Reserves targeted in battle against contraband tobacco

Posted: May 8, 2008 in Conservatives, Headlines, Natives, RCMP, Tobacco Kings
The Globe & Mail
May 8, 2008

OTTAWA — The RCMP and the Conservative government are targeting three of the most volatile native reserves in the country as part of a new effort to battle contraband tobacco and organized crime.

A report released yesterday by Public Safety Minister Stockwell Day and RCMP Assistant Commissioner Raf Souccar singled out Kahnawake in Quebec and Tyendinaga and Six Nations in Ontario as the Canadian sources of illicitly manufactured tobacco.

Factories on the U.S. side of Akwesasne, which straddles the Canada-U.S. border, remain the largest producers of illegal tobacco in Canada, and Mr. Day said he was working with American officials on that front.

But when asked about the three Canadian reserves identified in the report, Mr. Day promised actions “that weren’t taken before” to get members of these communities onside.

“When a community sees that the government, police and various agencies are all working together and are really going to be there to support the reduction of criminal activity, you find more and more response, more and more collaboration from the individuals in the communities themselves … once they’re convinced you are actually going to be there for them.”

The report acknowledges that the existing approach – focused on sporadic raids and intercepting deliveries on Canadian highways – is not working. Mr.
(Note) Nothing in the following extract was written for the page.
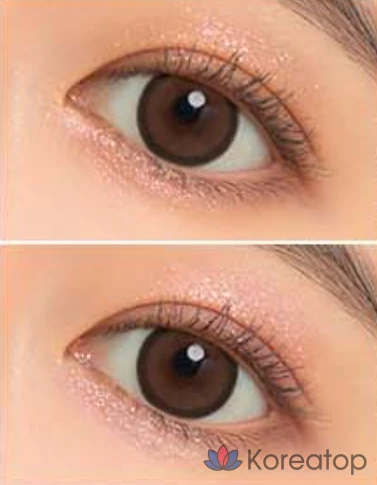 Палетка теней для век Unleashia Glitterpedia, № 1, All of Glitter, 1 шт., фото 3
Day said some of the 1,000 new RCMP officers being recruited will mean more police dedicated to fighting contraband, which he said is funding organized crime and possibly even terrorists.

Anti-tobacco advocates concerned about the health impacts of widely available cheap cigarettes have accused governments and police of turning a blind eye to tobacco violations on Canadian reserves for fear of politically embarrassing confrontation.

Mr. Day’s news conference with the RCMP appears to signal a new willingness to take that political risk.

The report says the 315 known smoke shops in Canada selling the untaxed tobacco at prices as low as $6 for 200 cigarettes can be found on just six reserves.

It further identifies the three Mohawk communities manufacturing illegal tobacco. All three have a history of confrontation.

Kahnawake was at the heart of the 78-day Oka crisis in 1990, Tyendinaga has been the source of several tense confrontations between natives and the Ontario Provincial Police in recent weeks and Six Nation protesters are in their third year of occupying a housing development in Caledonia, Ont.

Though the RCMP report links the hike in contraband to high federal and provincial tobacco taxes, Quebec Revenue Minister Jean-Marc Fournier warned tobacco tax cuts would boost youth smoking.

Mr. Fournier offered support for increasing police intervention on native reserves, but cautioned against aggressive action that could threaten social peace and risk a repeat of the Oka confrontation that saw a Sûreté du Québec police officer shot dead.

“We need to be responsible in the way we enforce the law and take into account the precedents.”